6. What is the purpose of the confrontation between the familiar court and faerie Otherworld? Answer with reference to two or more romances.
7. Explore Chaucer’s use of space and setting in Troilus and Criseyde.
8. Discuss the theme of fortune OR of ‘trouthe’ in Troilus and Criseyde.
9. Discuss attitudes towards books and authorities in Troilus and Criseyde.
10. ‘The double sorrow is a formal and thematic design which presents the story by means of a structure of correspondences between later and earlier books, so that the remembering reader perceives patterns forming and developing in time’ (Windeatt). Write an essay exploring the use of patterns in Troilus and Criseyde.
11. Explore EITHER Henryson’s Testament of Cresseid as a response to Chaucer’s Troilus and Criseyde OR Chaucer’s Troilus and Criseyde as a response to Boccaccio’s Il Filostrato.
12. Explore the role of books in any dream vision poem or poems.
13. Compare the treatment of love in at least TWO dream vision poems.
14. ‘[T]he dream-poem becomes a device for expressing the poet’s consciousness of himself as poet and for making his work reflexive’ (A. C. Spearing). Discuss any dream vision poem or poems in the light of this statement.
15. Discuss misreading and/or misinterpretation in any dream vision poem or poems.
16. In what ways, and to what extent, do poets writing in Scotland offer a novel response to Chaucer’s dream-poetry? You may write on either James I or Gavin Douglas or both.
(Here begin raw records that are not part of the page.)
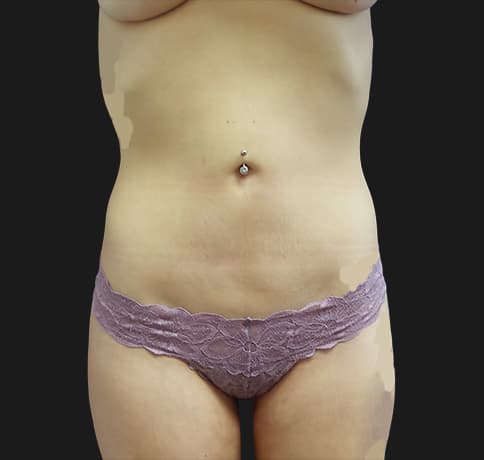 Case 29420, Performed By Dr. Tehrani – After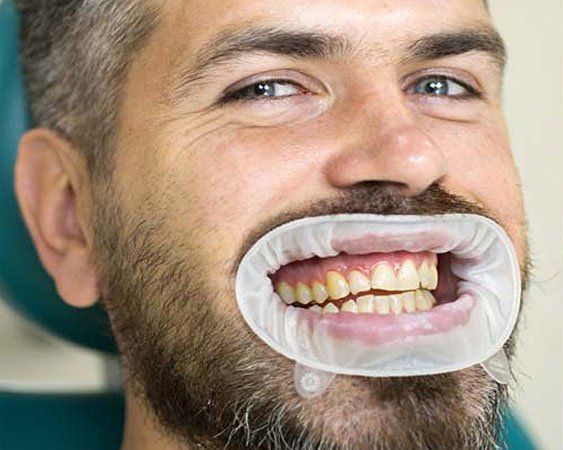 Before Teeth Whitening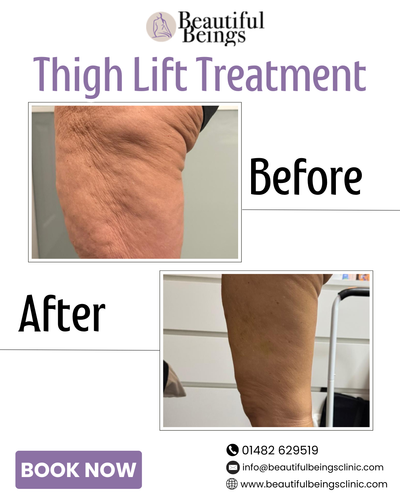 Thigh Lift Treatment.png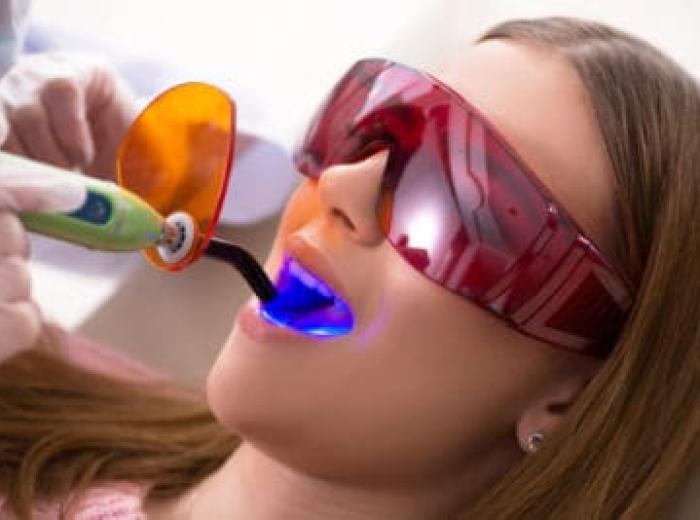 Dental Filling Fell Out? Don’t Panic. Read This!
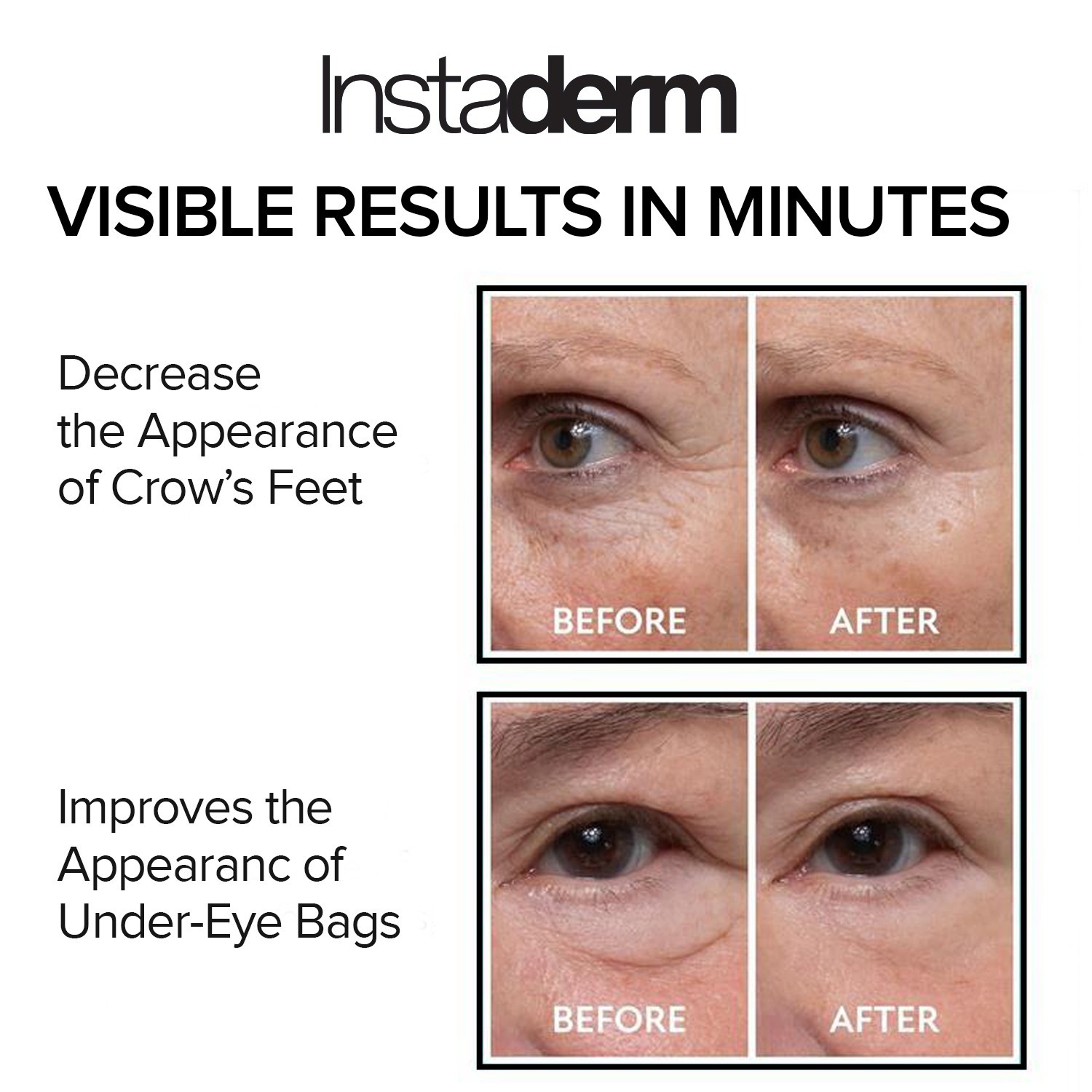 Instant Puffy Eye & Lift Treatment – Removes Under Eye Bags & Puffiness.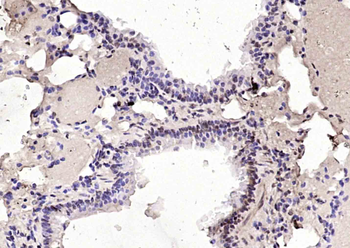 RFC1 Rabbit Polyclonal Antibod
17. ‘Womb, tomb, castle, love-bower’. Explore spatial and architectural metaphors of the anchorhold and the anchoritic body, and the ways in which they effect the construction of female anchoritism in Ancrene Wisse.
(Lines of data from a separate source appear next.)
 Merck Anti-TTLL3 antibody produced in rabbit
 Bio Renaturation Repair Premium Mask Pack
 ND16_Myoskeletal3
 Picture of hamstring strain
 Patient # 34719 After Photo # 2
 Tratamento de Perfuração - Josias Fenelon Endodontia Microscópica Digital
18. Compare the attitude adopted toward the act of seeing in Ancrene Wisse and Julian’s Revelations.
19. Compare the presentation of human sin OR divine love in Ancrene Wisse and Julian’s Revelations.
20. How do Julian AND/OR Margery Kempe negotiate the relation between their religious experiences and orthodox church teaching in their respective texts?
21. ’While Margery’s meditations [on the life of Christ] are theatrical, often involving her in action, Julian’s are painterly’ (Denise Baker). Discuss the role of imaginative visualisation and performance in late medieval religious women’s writing.
22. To what extent is Margery Kempe’s Book an attempt to construct her life as a saintly vita?
23. Explore the construction of sexuality in two or more female saints’ lives.
24. Explore the representation of female teaching in two or more of the texts studied in this module unit.